(平成29年2月10日) 参加者数:44名

今回は、田辺市熊野ツーリズムビューローの多田稔子会長に「熊野古道とサンティアゴ巡礼道 ~ふたつの道の共同プロモーション~」について語っていただきました。


田辺市熊野ツーリズムビューローは、2005年に5市町村の合併により、観光協会連絡協議会が設立されましたが、それぞれの観光協会は地域特性を活かした活動をする組織として存続させることとし、行政が担う観光振興ではなくて、民間で観光振興を担う役割として設立されました。

2004年、熊野古道が世界文化遺産として登録されるとともに観光客が殺到しました。
世界遺産に登録されると、観光バスが押し寄せ、観光客は熊野古道を1時間ほど歩くだけで帰って行きました。
観光客にとって熊野古道は、ただの山道でしかなかったのです。
 
「熊野をもっとゆっくりと味わってもらいたい」との意識が醸成されていきました。
そこで生まれた「観光戦略の基本スタンス」は
・「ブーム」より「ルーツ」 (世界遺産のブームより巡礼としてのルーツを大切にする)
・「乱開発」より「保全・保存」 (熊野古道の保全・保護を優先する)
・「マス」より「個人」 (団体客でなく個人の観光客に視点をおく)
・「インパクト」を求めず「ローインパクト」で (インパクトを求めるのではなく、息の長い観光を目指す)
・世界に開かれた「上質な観光地」に (世界から憧れを持ってもらえる上質な観光地を目指す)
この「世界から憧れを持ってもらえる上質な観光地を目指す」が、自然とインバウンドの推進につながりました。

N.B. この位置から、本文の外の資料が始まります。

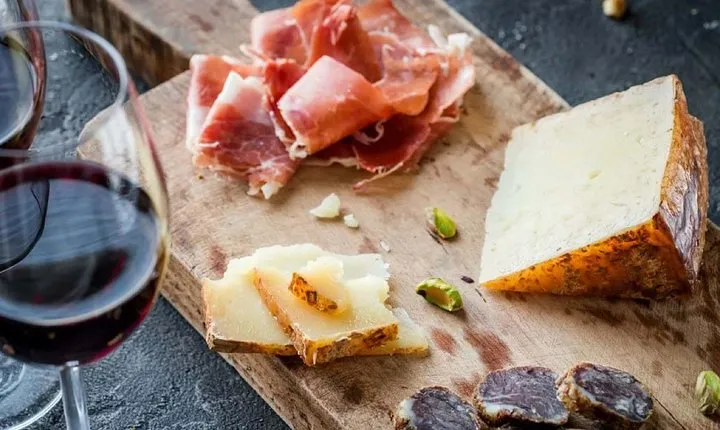 Barcelona Countryside Fullday Wine and Cava Tastings with Lunch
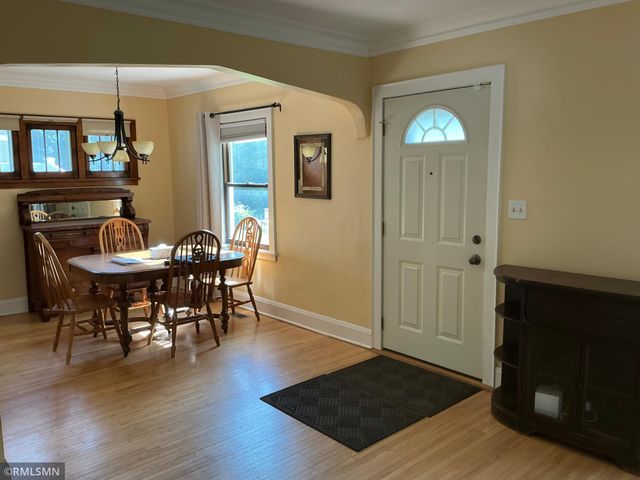 1762 Edgerton Street, Maplewood, MN 55117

熊野古道とサンティアゴの巡礼道は共通点が多くみられます。
・ 数百キロに及ぶ世界文化遺産の巡礼の道
・ 世界遺産に登録されていないサブルートが存在する
・ 起源は共に10世紀、中世に絶頂期を迎えている
・ 途中衰退するものの復活する
・ アジアの東の果てとヨーロッパの西の端
・ 熊野本宮大社とサンティアゴ大聖堂
・ 伏拝王子と歓喜の丘
・ 王族貴族の巡礼から一般庶民の巡礼へと広がる
・ 近年では世界中から巡礼者が訪れている
※ 歩く人が巡礼道の風景を完成させている  (歩く人がいるからこそ巡礼道)
 
共同プロモーションの経緯
2007年、サンティアゴ・デ・コンポステーラ市観光局から姉妹都市の調査に三重県伊勢市に来られた際、熊野三山を含む南紀(熊野)エリアを案内され、伊勢市の大量送客型ツアーは同市が目指す観光ではない。連携するなら田辺市だと判断されたようです。そして、2008年に「姉妹提携・共同プロモーション」に調印する運びとなりました。


2012年には行政の連携も始まり、2014年に田辺市&サンティアゴ・デ・コンポステーラ市の間に「観光交流協定」も締結されました。
この締結式の際、サンティアゴの大聖堂で熊野大社の神官が神楽を舞ったのが印象的でした。キリスト教という一神教の大聖堂で他宗教の神楽を舞うなんて… 驚きでした。サンティアゴの方は「この地域は寛容性がある」と説明を受け、さらに熊野との類似性を感じました。

『共通巡礼手帳』の作成もあります。サンティアゴと熊野の両方の巡礼道を歩くと認定するというものです。サンティアゴ巡礼道は100km以上も歩かないと認められません。2015年2月にスタートし、共通巡礼者が470名(日本人は1/4)もおられます。地球の正反対の巡礼道を歩こうと思う人がこんなにおられることに感動しました。

2006年に田辺市熊野ツーリズムビューローが設立され、2010年に法人格(一般社団法人)を取得、第2種旅行業を取得しました。
2016年の利用者は、1位オーストラリア、2位アメリカ、3位フランス、4位スペインと、外国人の訪問が7割です。
最近、DMOの成功事例と紹介されることが増えていますが、目の前の問題を解決させて、旅行業を取得しているうちに、結果としてDMOになっていたというのが印象です。決してDMOを目指していたのではありません。
2017年は”南方熊楠”の生誕150年を迎えます。南方熊楠のように自然に生かされながら、少しずつ地域を発展させたいと締めくくられました。


今回は愛媛県からの参加者もいました。またサンティアゴと熊野の巡礼道を歩いて、「サンティアゴ巡礼の道」を出版された高森玲子様も来られており、高森様は「熊野巡礼の道」の執筆にも取り掛かっておられるとの案内もありました。